▶ What the exercise asks
The answer should consist of every record, reproduced exactly.

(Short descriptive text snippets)
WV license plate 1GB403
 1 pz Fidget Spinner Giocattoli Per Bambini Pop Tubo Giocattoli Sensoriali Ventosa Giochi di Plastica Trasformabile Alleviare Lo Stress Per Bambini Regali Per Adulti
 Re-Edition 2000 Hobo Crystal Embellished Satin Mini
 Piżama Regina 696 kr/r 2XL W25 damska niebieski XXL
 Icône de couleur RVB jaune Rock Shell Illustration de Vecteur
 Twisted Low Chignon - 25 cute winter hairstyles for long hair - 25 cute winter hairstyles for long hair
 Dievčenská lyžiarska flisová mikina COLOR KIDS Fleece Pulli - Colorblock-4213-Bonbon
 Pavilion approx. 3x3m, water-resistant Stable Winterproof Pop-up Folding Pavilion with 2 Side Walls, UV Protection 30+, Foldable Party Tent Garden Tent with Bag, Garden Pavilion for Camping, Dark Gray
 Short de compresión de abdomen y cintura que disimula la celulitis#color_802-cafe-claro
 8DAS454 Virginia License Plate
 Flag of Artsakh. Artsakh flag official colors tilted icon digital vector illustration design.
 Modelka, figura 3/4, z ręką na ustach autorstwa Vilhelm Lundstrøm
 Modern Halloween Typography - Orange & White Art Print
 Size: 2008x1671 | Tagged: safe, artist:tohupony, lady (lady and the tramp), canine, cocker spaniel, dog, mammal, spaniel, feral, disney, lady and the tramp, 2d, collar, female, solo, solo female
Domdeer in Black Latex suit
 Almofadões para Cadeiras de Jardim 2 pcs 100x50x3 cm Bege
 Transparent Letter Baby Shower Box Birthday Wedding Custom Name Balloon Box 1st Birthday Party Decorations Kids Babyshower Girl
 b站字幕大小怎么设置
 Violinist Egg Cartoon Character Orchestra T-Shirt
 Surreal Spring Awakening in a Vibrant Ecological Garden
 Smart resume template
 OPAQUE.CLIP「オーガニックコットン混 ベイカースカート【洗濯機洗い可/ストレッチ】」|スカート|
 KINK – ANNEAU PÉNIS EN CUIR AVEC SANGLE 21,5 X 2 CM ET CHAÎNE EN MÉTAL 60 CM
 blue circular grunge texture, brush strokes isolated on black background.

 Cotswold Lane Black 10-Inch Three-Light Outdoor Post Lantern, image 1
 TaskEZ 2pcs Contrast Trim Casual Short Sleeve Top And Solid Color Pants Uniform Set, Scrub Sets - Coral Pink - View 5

▶ Exercise solution
WV license plate 1GB403
 1 pz Fidget Spinner Giocattoli Per Bambini Pop Tubo Giocattoli Sensoriali Ventosa Giochi di Plastica Trasformabile Alleviare Lo Stress Per Bambini Regali Per Adulti
 Re-Edition 2000 Hobo Crystal Embellished Satin Mini
 Piżama Regina 696 kr/r 2XL W25 damska niebieski XXL
 Icône de couleur RVB jaune Rock Shell Illustration de Vecteur
 Twisted Low Chignon - 25 cute winter hairstyles for long hair - 25 cute winter hairstyles for long hair
 Dievčenská lyžiarska flisová mikina COLOR KIDS Fleece Pulli - Colorblock-4213-Bonbon
 Pavilion approx. 3x3m, water-resistant Stable Winterproof Pop-up Folding Pavilion with 2 Side Walls, UV Protection 30+, Foldable Party Tent Garden Tent with Bag, Garden Pavilion for Camping, Dark Gray
 Short de compresión de abdomen y cintura que disimula la celulitis#color_802-cafe-claro
 8DAS454 Virginia License Plate
 Flag of Artsakh. Artsakh flag official colors tilted icon digital vector illustration design.
 Modelka, figura 3/4, z ręką na ustach autorstwa Vilhelm Lundstrøm
 Modern Halloween Typography - Orange & White Art Print
 Size: 2008x1671 | Tagged: safe, artist:tohupony, lady (lady and the tramp), canine, cocker spaniel, dog, mammal, spaniel, feral, disney, lady and the tramp, 2d, collar, female, solo, solo female
Domdeer in Black Latex suit
 Almofadões para Cadeiras de Jardim 2 pcs 100x50x3 cm Bege
 Transparent Letter Baby Shower Box Birthday Wedding Custom Name Balloon Box 1st Birthday Party Decorations Kids Babyshower Girl
 b站字幕大小怎么设置
 Violinist Egg Cartoon Character Orchestra T-Shirt
 Surreal Spring Awakening in a Vibrant Ecological Garden
 Smart resume template
 OPAQUE.CLIP「オーガニックコットン混 ベイカースカート【洗濯機洗い可/ストレッチ】」|スカート|
 KINK – ANNEAU PÉNIS EN CUIR AVEC SANGLE 21,5 X 2 CM ET CHAÎNE EN MÉTAL 60 CM
 blue circular grunge texture, brush strokes isolated on black background.

 Cotswold Lane Black 10-Inch Three-Light Outdoor Post Lantern, image 1
 TaskEZ 2pcs Contrast Trim Casual Short Sleeve Top And Solid Color Pants Uniform Set, Scrub Sets - Coral Pink - View 5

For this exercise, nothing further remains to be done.